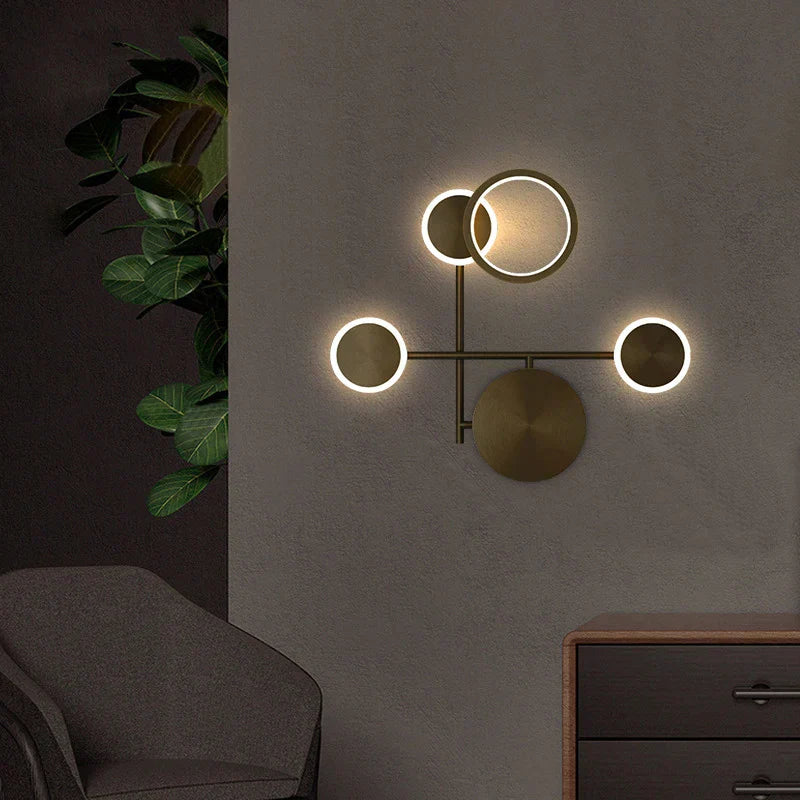 GlintForge – Moderne LED Wandlamp in Goud voor Woonkamer & Hal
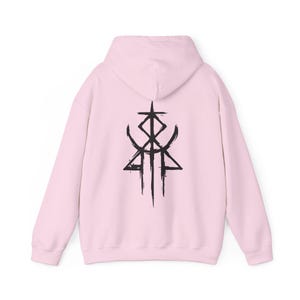 Lorna Shore 'Immortal' Album Hoodie - Metal Music Unisex Sweatshirt Light Pink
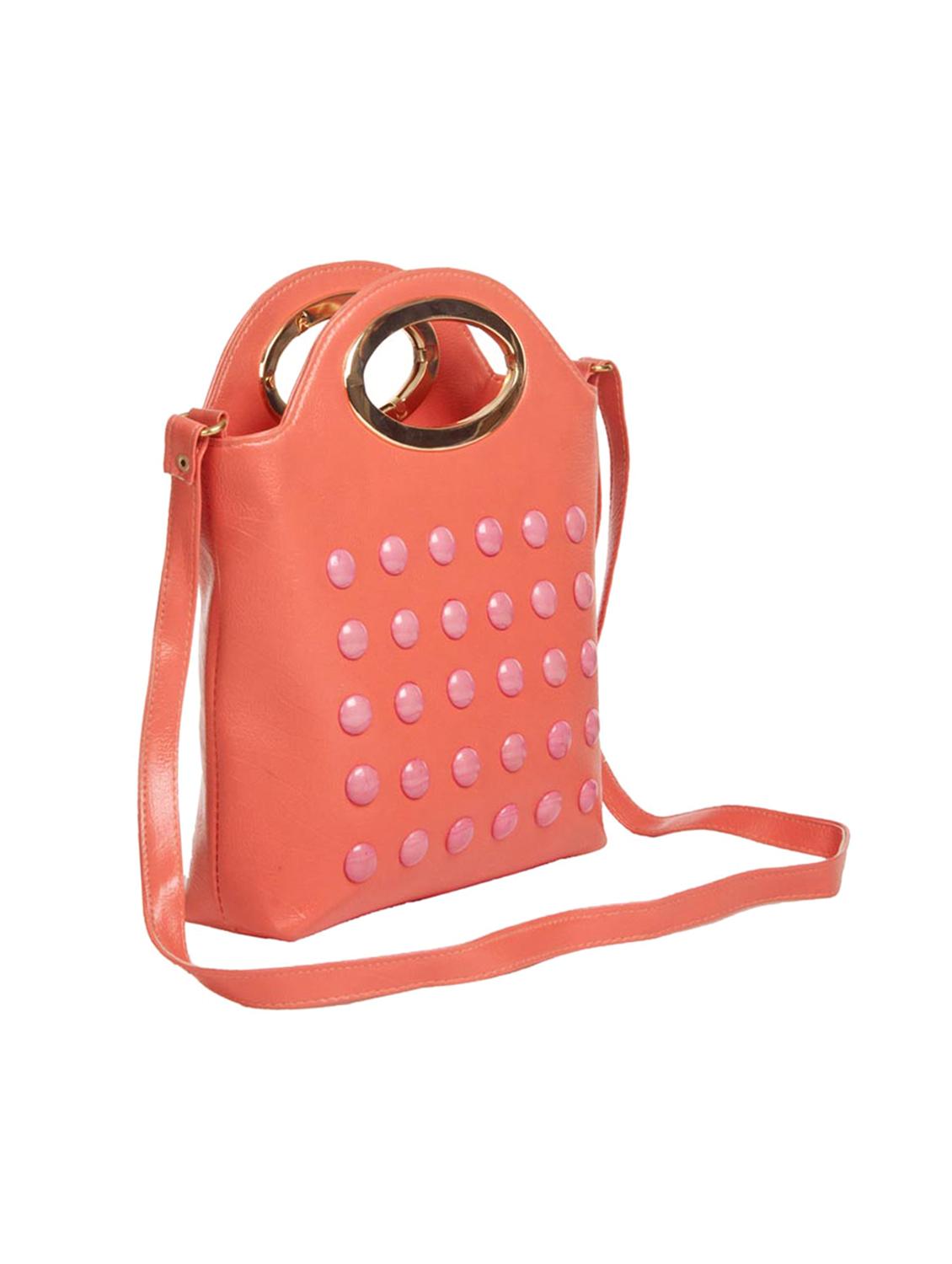 orange leatherette (pu) sling bag - 15304724 - Standard Image - 3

----------

# [WHAT TO PRODUCE]
Beginning with the line containing "Lorna Shore 'Immortal'" and ending with the last line of the data above, repeat each line exactly. Include no pictures and no other lines.

# [RESULT OF THIS TASK]
 Lorna Shore 'Immortal' Album Hoodie - Metal Music Unisex Sweatshirt Light Pink
 orange leatherette (pu) sling bag - 15304724 - Standard Image - 3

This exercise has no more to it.